During times of emergency, priorities turn to basic essentials like food, water and shelter. While these are clearly the most important, UNICEF argues that a fourth thing needs to be added as a necessity: education. UNICEF’s school in a box provides an incredible solution.
Education is one of the best ways to preserve normalcy, social resources and safety that is invaluable to primary school-aged kids. They are not alone in this belief; a study by Duke University Professor E. Frankenburg explains that people with access to education are better equipped to handle crises.
School in a Box: Education in Crisis Response
How can schools be efficiently supplied after emergency?

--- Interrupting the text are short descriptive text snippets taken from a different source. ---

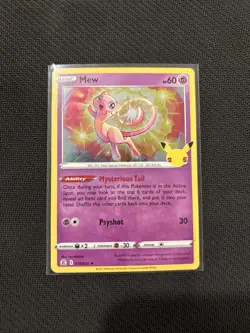 Pokemon TCG Celebrations Mew Holo Rare Card 011/025 NM Condition - Image 1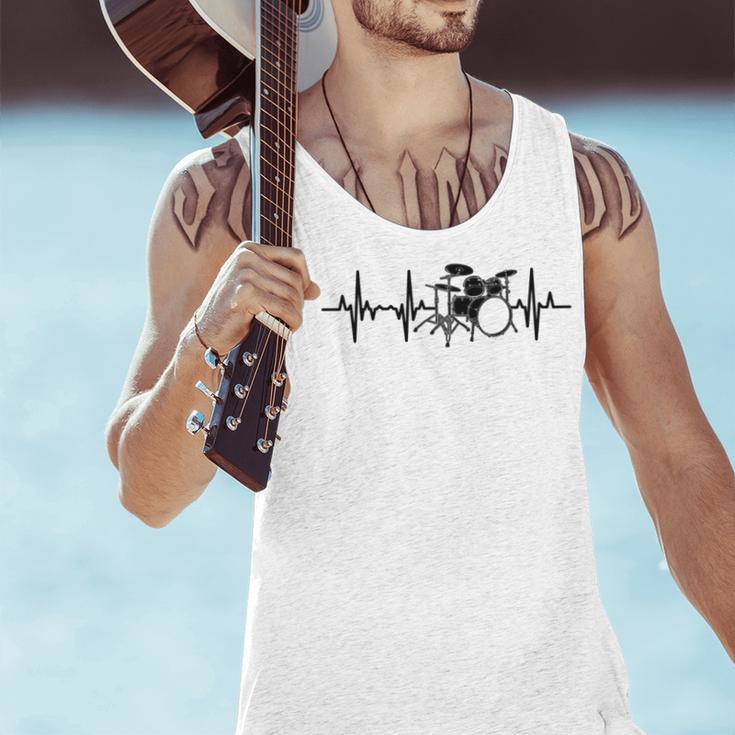 Drum Kit Pulse Line Rock Artist Drum Set Men Tank Top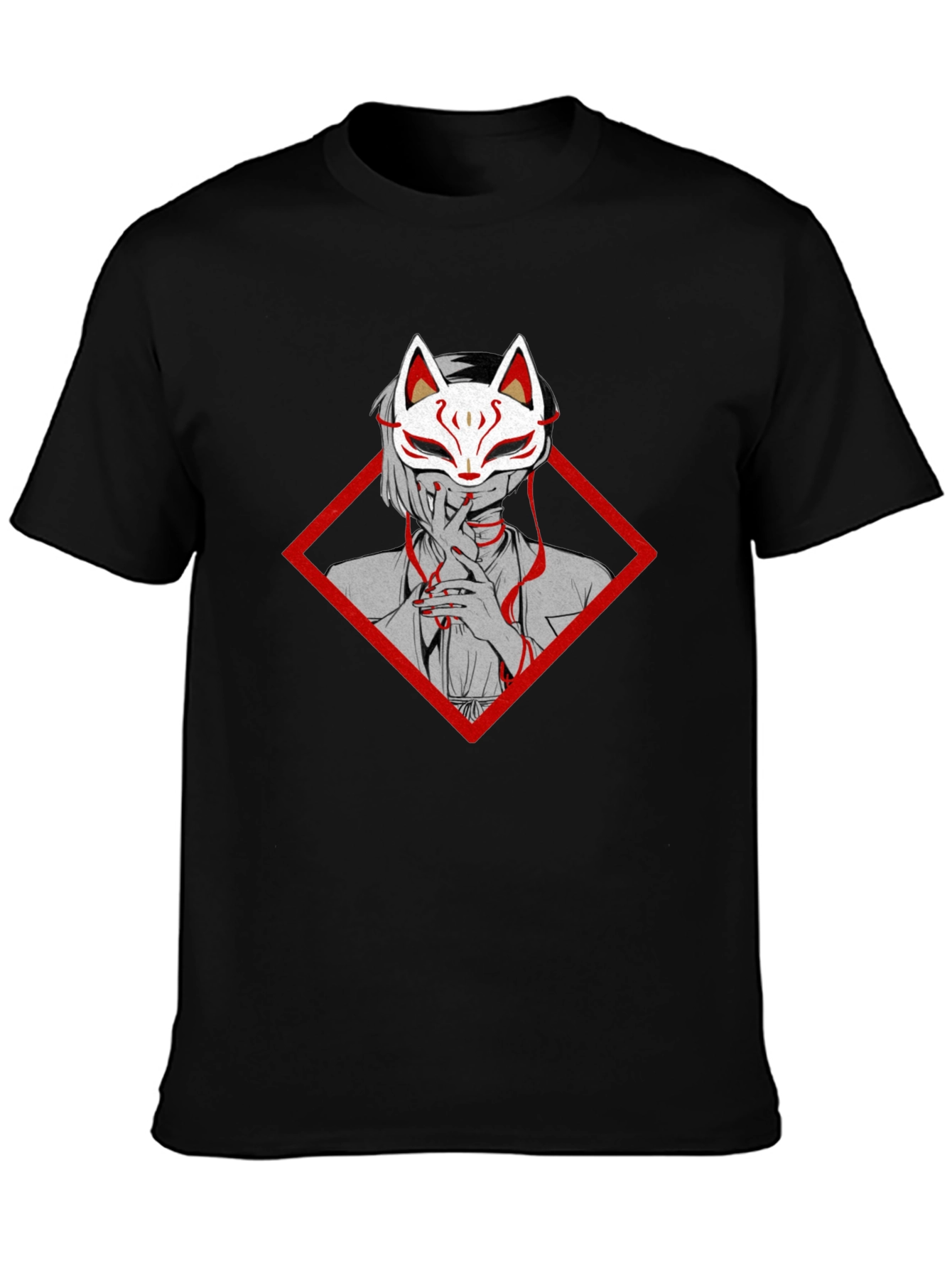 Anime Fox Mask Graphic Tee - Black Cotton T-Shirt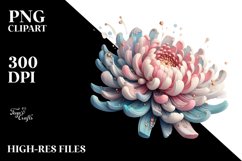 Pastel Wooden Chrysanthemum | Sublimation | Clipart Product Image 3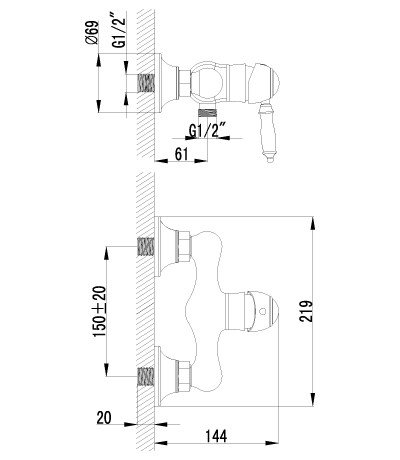 Смеситель для ванны с фиксированным изливом  LM4812B, Lemark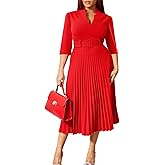 Ekaliy Women's V Neck Business Casual Shirt Dress for Women 3/4 Sleeves Pleated Midi Dresses with Belt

UNICEF came up with an answer that is a fast and affordable foreign aid success. Within three days of a tsunami or other crisis, they can deliver a ‘School in a Box‘ with three months worth of supplies for one teacher and 40 students. They are perfect for places recently hit with a natural disaster or a sudden influx of students.
It is all inclusive so that a classroom can be set up anywhere. In addition to the classic materials like paper, books and pens, the kit contains toys, a radio, educational posters and can of paint that can turn any flat surface into a blackboard.
Translations are available in most languages and UNICEF has tried to make it as non-culturally specific as possible. Boxes can be supplemented with locally produced materials and lesson plans.
This program was created in the mid-1990s, along with UNESCO’s similar Teacher Emergency Package. Originally, it was used in Rwanda but has spread to at least 12 countries including Pakistan, Haiti, Japan and even the United States. It has been a foreign aid success: in 2014 alone, 106,201 kits were distributed.
These kits can be sponsored for a mere $209.11 on UNICEF’s website. While this program is not a permanent replacement for locally supported schools, School in a Box provides a quick and effective way to give kids education during an emergency.